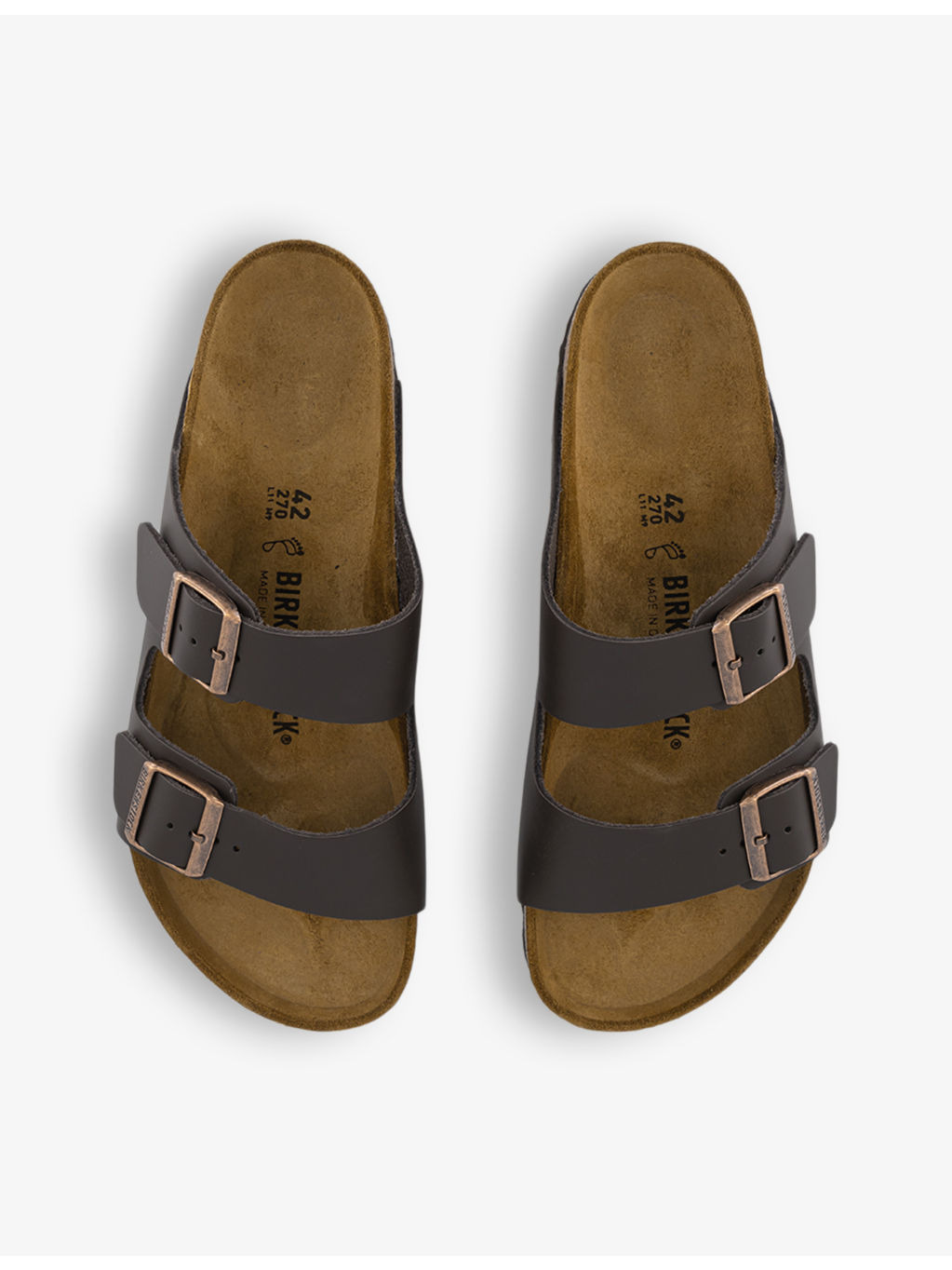 Arizona double-strap leather sandals - 2
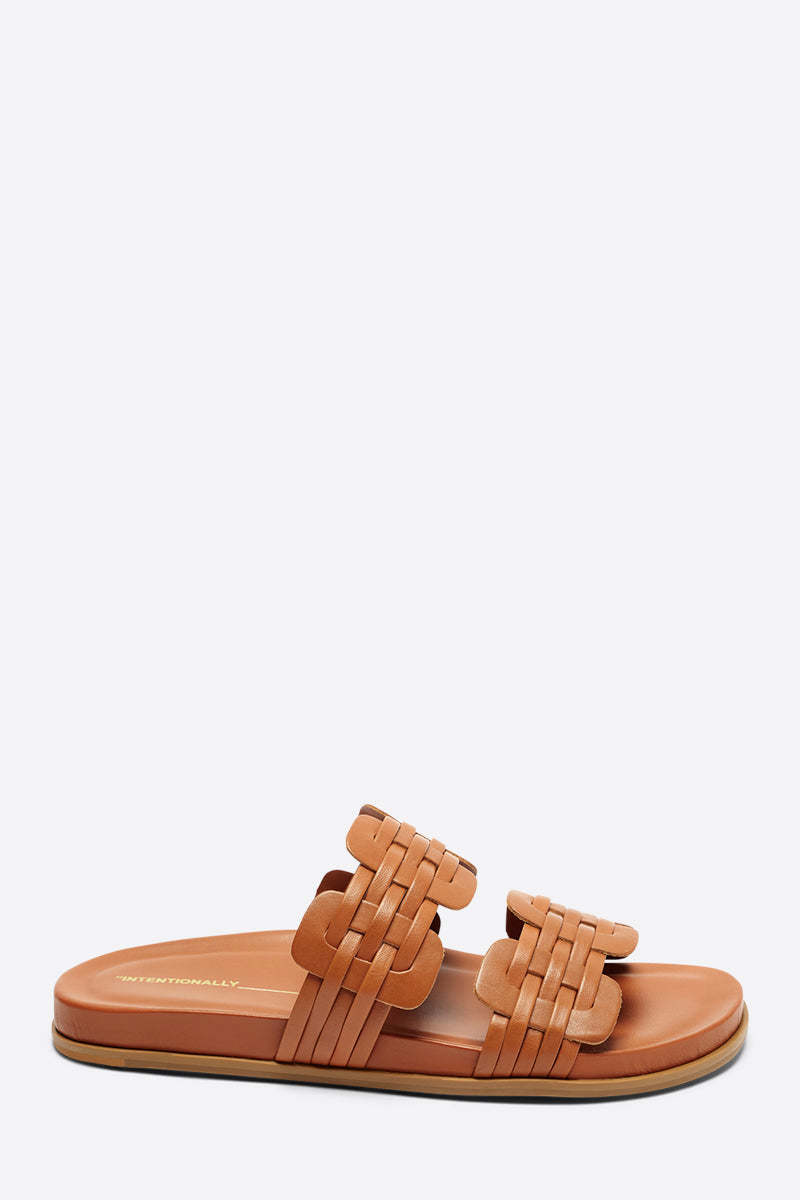 "INTENTIONALLY __________." Brian Natural Sole Sandal - Tan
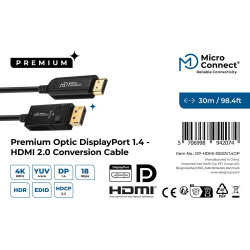 MicroConnect DP-HDMI-3000V1.4OP — vista 3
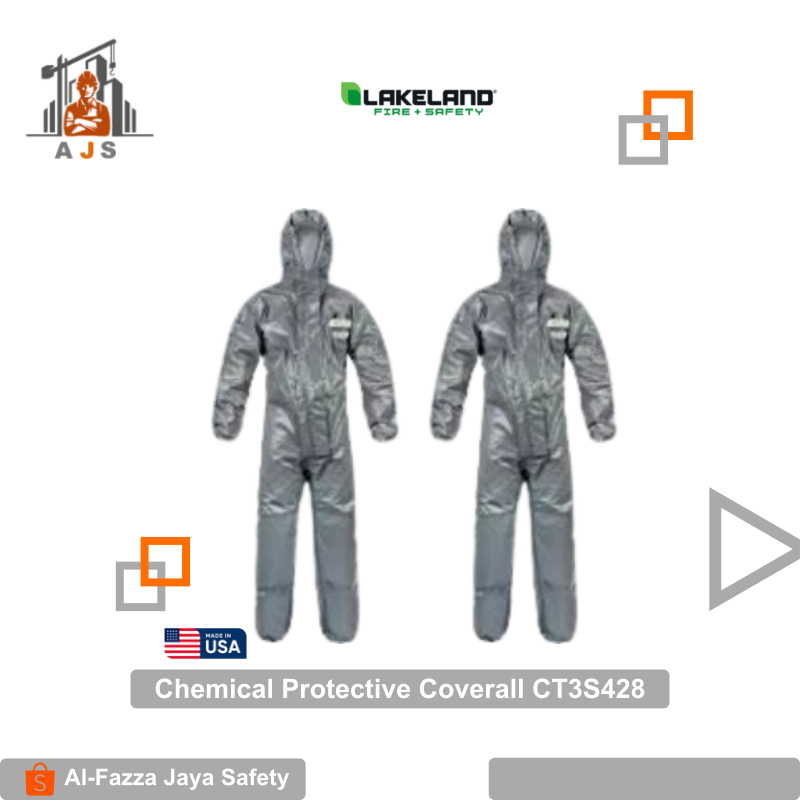 Lakeland Chemical Coverall ChemMax 3 -  Choveral Lakeland Chemical CE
+---+
◆ **What you are asked to do**: Transcribe exactly, and only, the lines from the one with "MicroConnect DP-HDMI-3000V1.4OP — vista 3" through the final line of the data above. The pictures stay out.

◆ **Response box**:
 MicroConnect DP-HDMI-3000V1.4OP — vista 3
 Lakeland Chemical Coverall ChemMax 3 -  Choveral Lakeland Chemical CE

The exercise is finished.